| WORK INSTRUCTION |
Output every line of the material exactly, omitting images.

| DATA EXCERPT |

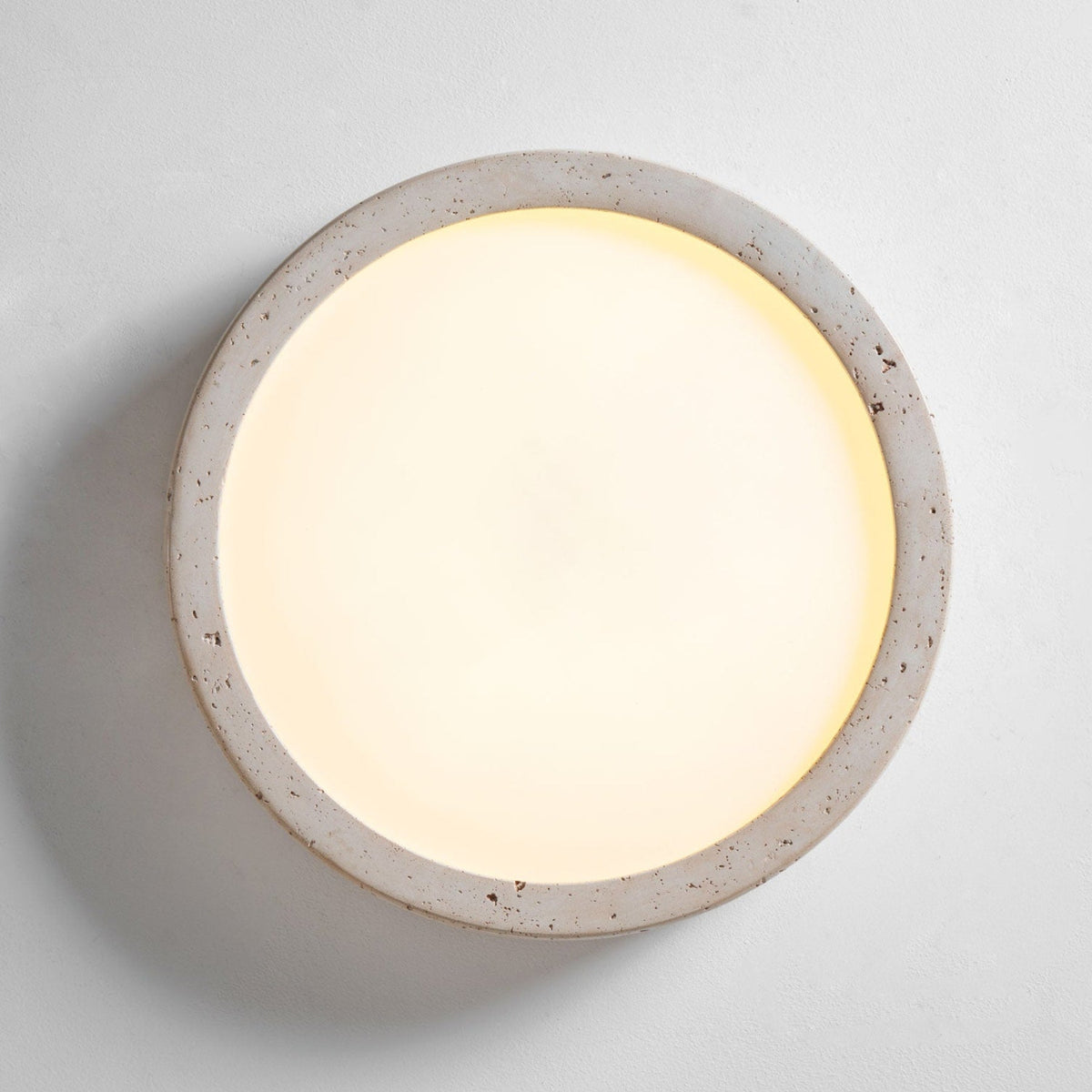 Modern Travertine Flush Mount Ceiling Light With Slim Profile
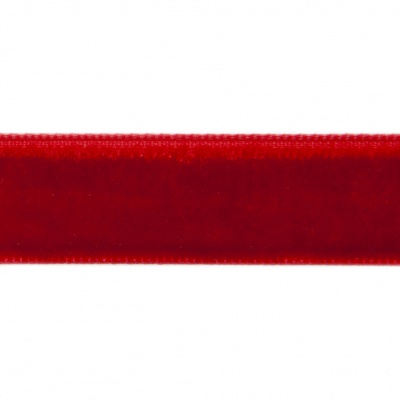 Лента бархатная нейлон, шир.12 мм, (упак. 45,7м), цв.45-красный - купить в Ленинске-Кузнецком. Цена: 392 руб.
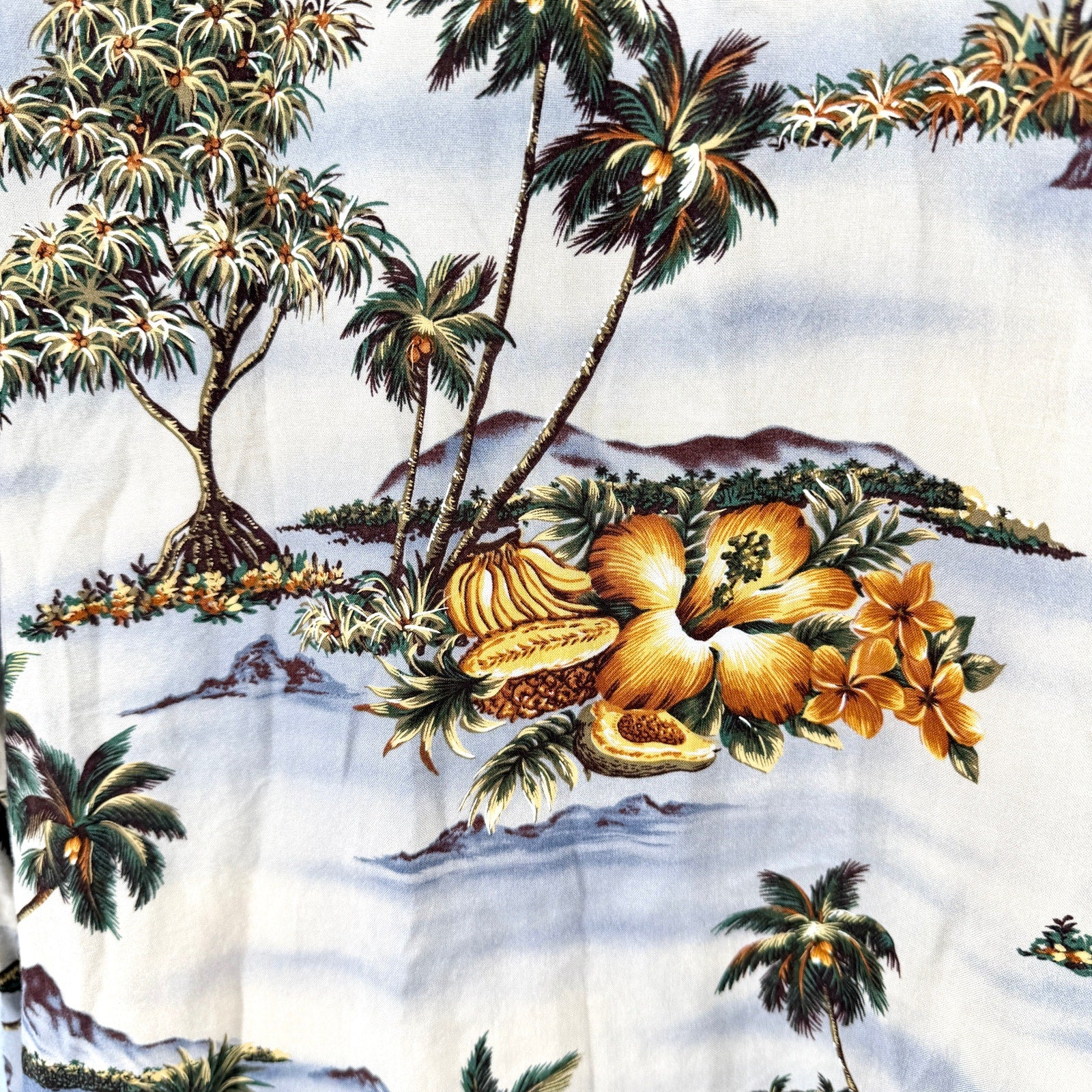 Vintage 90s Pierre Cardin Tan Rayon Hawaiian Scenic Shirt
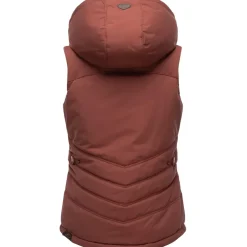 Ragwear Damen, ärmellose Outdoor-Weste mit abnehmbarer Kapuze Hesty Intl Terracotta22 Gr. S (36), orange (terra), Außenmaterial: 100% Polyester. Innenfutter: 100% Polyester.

| EXERCISE SOLUTION |
 Modern Travertine Flush Mount Ceiling Light With Slim Profile
 Лента бархатная нейлон, шир.12 мм, (упак. 45,7м), цв.45-красный - купить в Ленинске-Кузнецком. Цена: 392 руб.
 Vintage 90s Pierre Cardin Tan Rayon Hawaiian Scenic Shirt
 Ragwear Damen, ärmellose Outdoor-Weste mit abnehmbarer Kapuze Hesty Intl Terracotta22 Gr. S (36), orange (terra), Außenmaterial: 100% Polyester. Innenfutter: 100% Polyester.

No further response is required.